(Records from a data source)
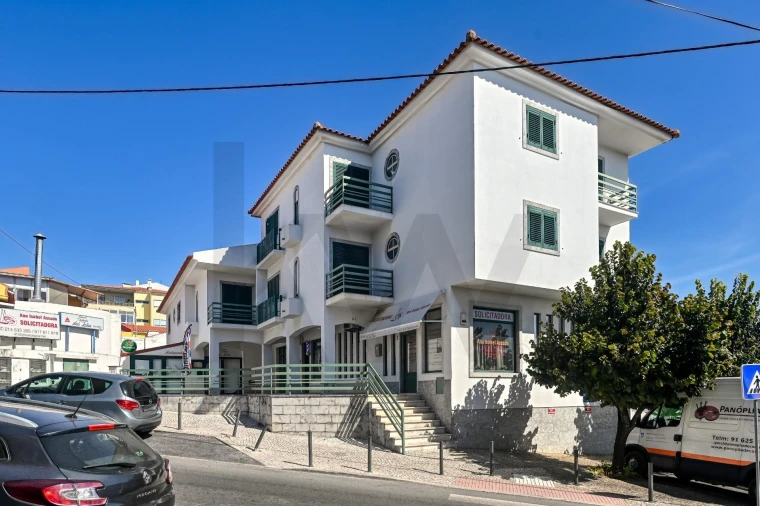 Apartamento T3 para Arrendamento em São Domingos de Rana Foto 2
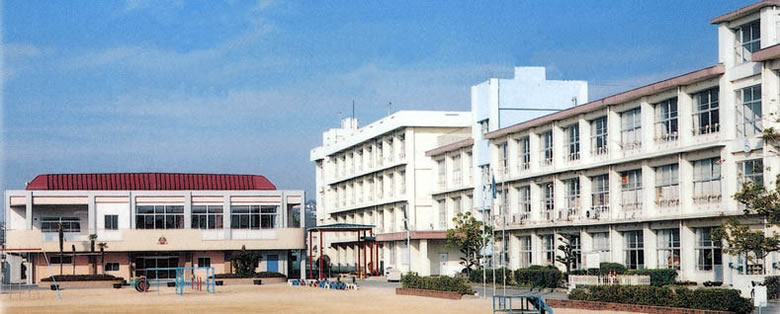 小学校　明石市立 山手小学校（小学校）まで583m
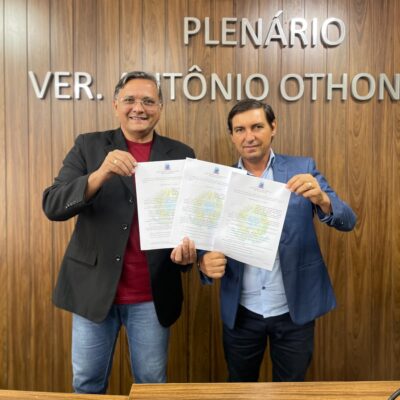 Vereadores Prof. Jaire e Gcharles garantem aprovação de três Projetos de Lei voltados à valorização da educação em Currais Novos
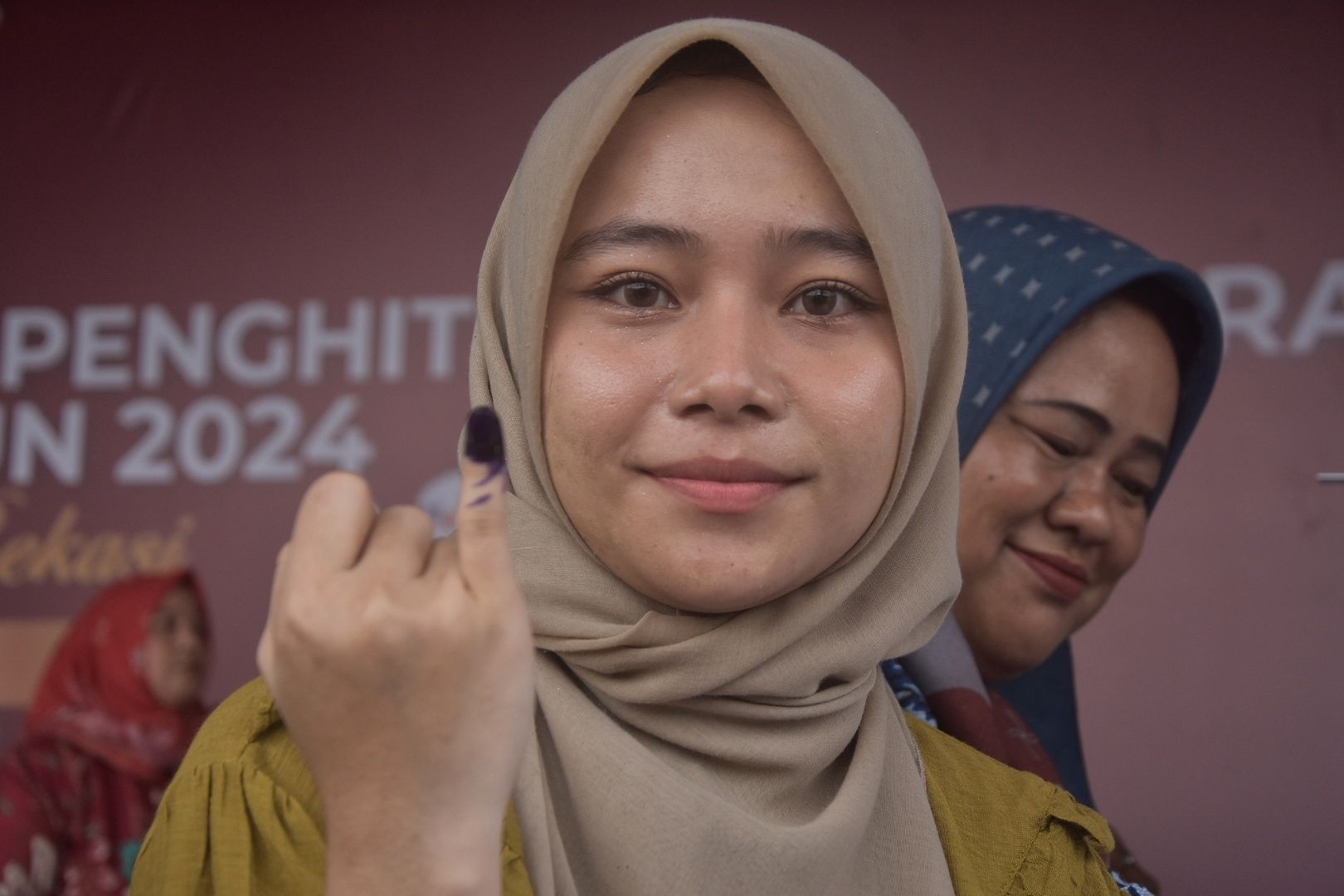 Warga mengikuti simulasi pemungutan suara yang digelar KPU Kabupaten Bekasi di Plaza Pemerintah Kabupaten Bekasi, Cikarang Pusat, Rabu, 31 Januari 2024. 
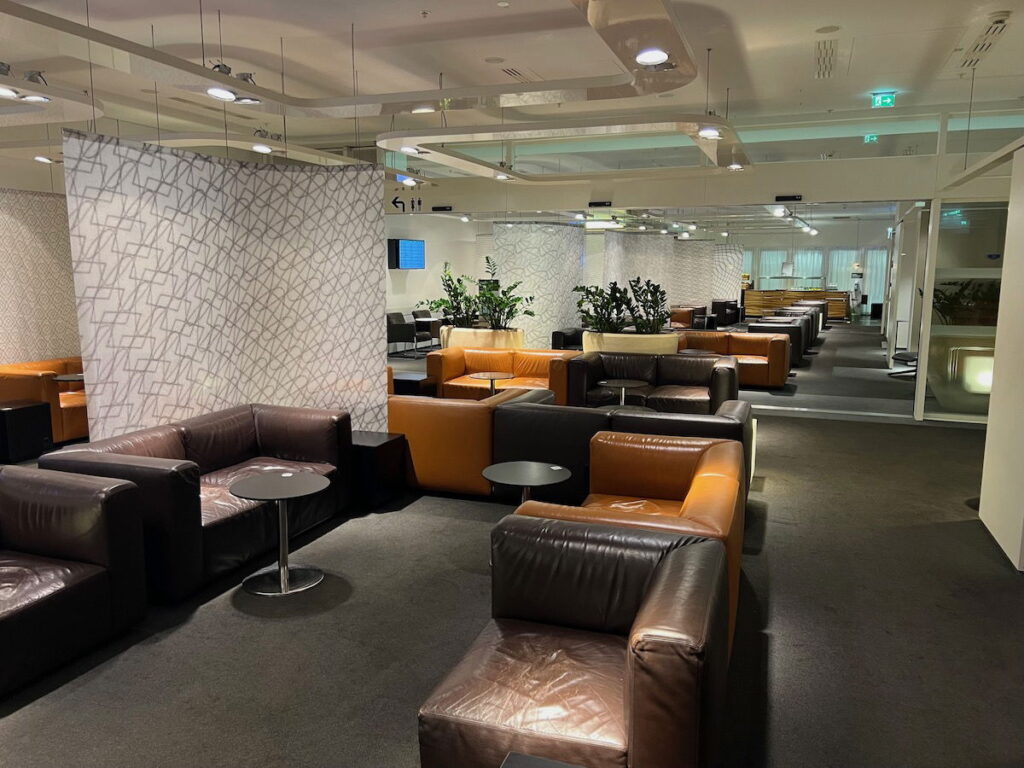 SAS Adds Third Party Lounge Access At 35 European Airports SAS Adds Third Party Lounge Access At 35 European Airports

**Problem to work on**
Make an exact copy of the records above, one that has none of the pictures.

**Reply to the task**
 Apartamento T3 para Arrendamento em São Domingos de Rana Foto 2
 小学校　明石市立 山手小学校（小学校）まで583m
 Vereadores Prof. Jaire e Gcharles garantem aprovação de três Projetos de Lei voltados à valorização da educação em Currais Novos
 Warga mengikuti simulasi pemungutan suara yang digelar KPU Kabupaten Bekasi di Plaza Pemerintah Kabupaten Bekasi, Cikarang Pusat, Rabu, 31 Januari 2024. 
 SAS Adds Third Party Lounge Access At 35 European Airports SAS Adds Third Party Lounge Access At 35 European Airports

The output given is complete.